I complain a lot. I know this about myself. Sometimes people get annoyed with my complaining. It's a bad habit, something I must have started because I had run out of things to say. I like to think I have a positive outlook on life even though I complain. But I do feel restless. I feel tied to this place and I don't like it. Tied to my life by rope of steel, too strong to cut in one swift blow. I have nerves running up and down it, and as bits of it get cut I cry in pain. I cry for my childhood, now only memories. I cry for my house that I will soon leave. I cry for the change that seems to happen every day. Sometimes new strings are tied. I am tied to my best friend, solidly and truly. She is not a fixed object however. I know I will carry her through the rest of my life no matter where we go. It is the same tie I feel for my family. Of course, my family is tied mostly as a unit, and as we slowly break up and go our separate places, bits of string will break and hurt. I am also tied to fixed objects, like my house and city. It is my home, right? But soon I will have to move away, and one day I will make my own home. The time in between will hurt, I'm sure.

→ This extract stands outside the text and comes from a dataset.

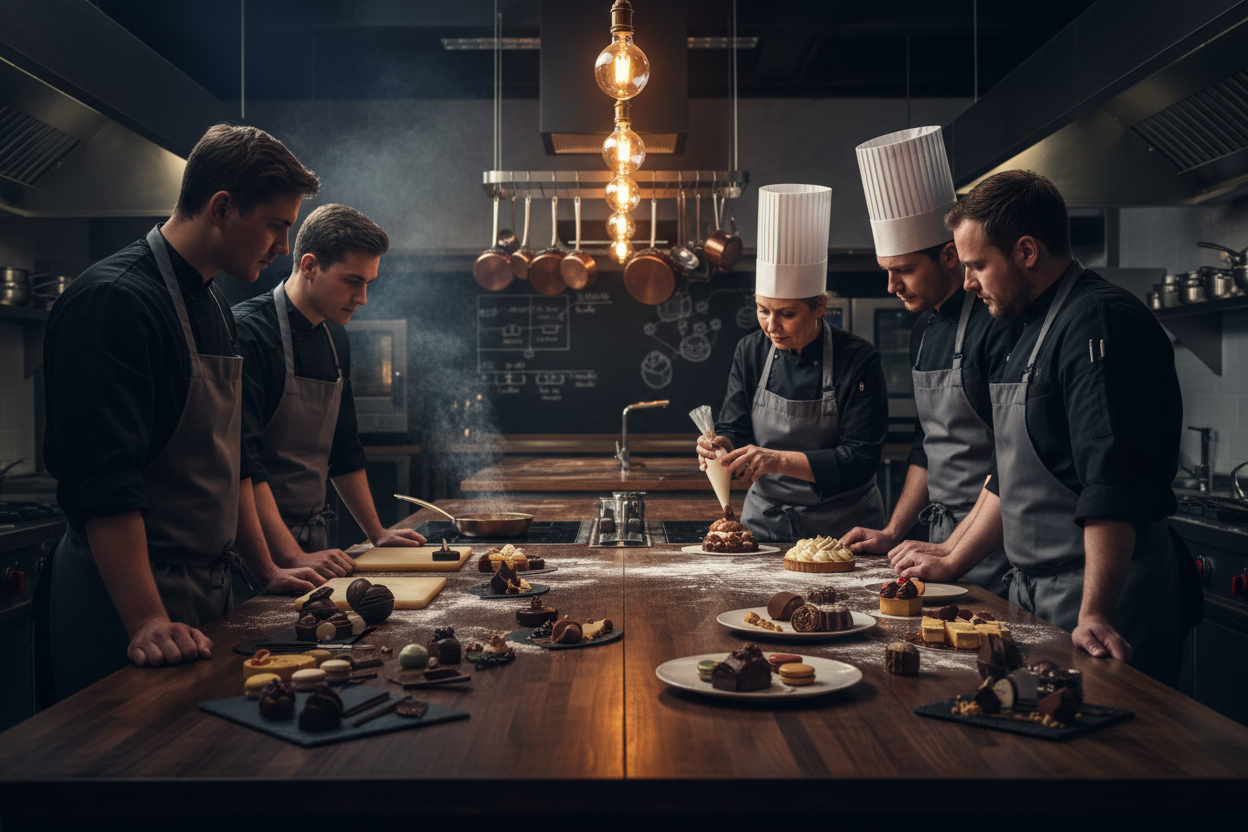 Pourquoi la Formation Culinaire est le Meilleur Investissement que Vous Puissiez Faire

I am also tied to my boyfriend. I send love across our string and try to make it thicker, stronger. But I'm scared. I'm scared of the changing future and his changing mind. A life partner is no small thing. A sister is easy, a family is easy. Families grow all the time. A life partner is solid, complete, and singular. It is a decision which takes careful thought and true commitment. I'm scared to fully commit. I'm scared, not because I think I will find someone better, but because I'm afraid he will. I'm afraid he will change his mind. This is a fear I must get past. If I can get past this fear, then I can accept everything about him, truly and completely. If I hold on to the fear, it will always be there and always cause problems. There is a tiny nugget of myself I have held back in fear. It is that nugget which I must contend with.

I am one of those strange people who don't believe in God or an afterlife or anything like that. I believe in Love. I believe that love is the most powerful thing in the world and can overcome anything. But, as all stories say, only if it is True Love. I have a doubt, a fear, a nugget which is stopping me from believing truly. It is a matter of trust. I think he has held back that nugget too, and because of that tiny doubt, I have held a bit of me back. "How can I be sure?" It asks, "How can I be sure he won't change his mind, won't leave me?"

I can't. This is the simple truth of course. I can't be sure. I can only trust him. But I can be sure of myself. Or can I? How can I know what I will feel in the future? My nugget tells me to stay the course, go away to school and become my own person and love will either work out or not. And so my brain battles with the concept of love being all powerful and overcoming all obstacles. If I go away, love should overcome, yes? But then the doubt doubles back and says, "who says that he feels the same? Perhaps his love is more strained and unsure and if you go away it will stretch so thin that it snaps? After all he is only a teenage boy." And so my brain thinks that perhaps love means staying with that person no matter what. Waiting around for a year so we can be together... The battle goes on, the decision unmade. And so long as I withhold that part of myself, I will be afraid of little arguments and small miscommunications and I will be jealous.

And so, like everyone else, it all boils down to what is happening in my life, right now.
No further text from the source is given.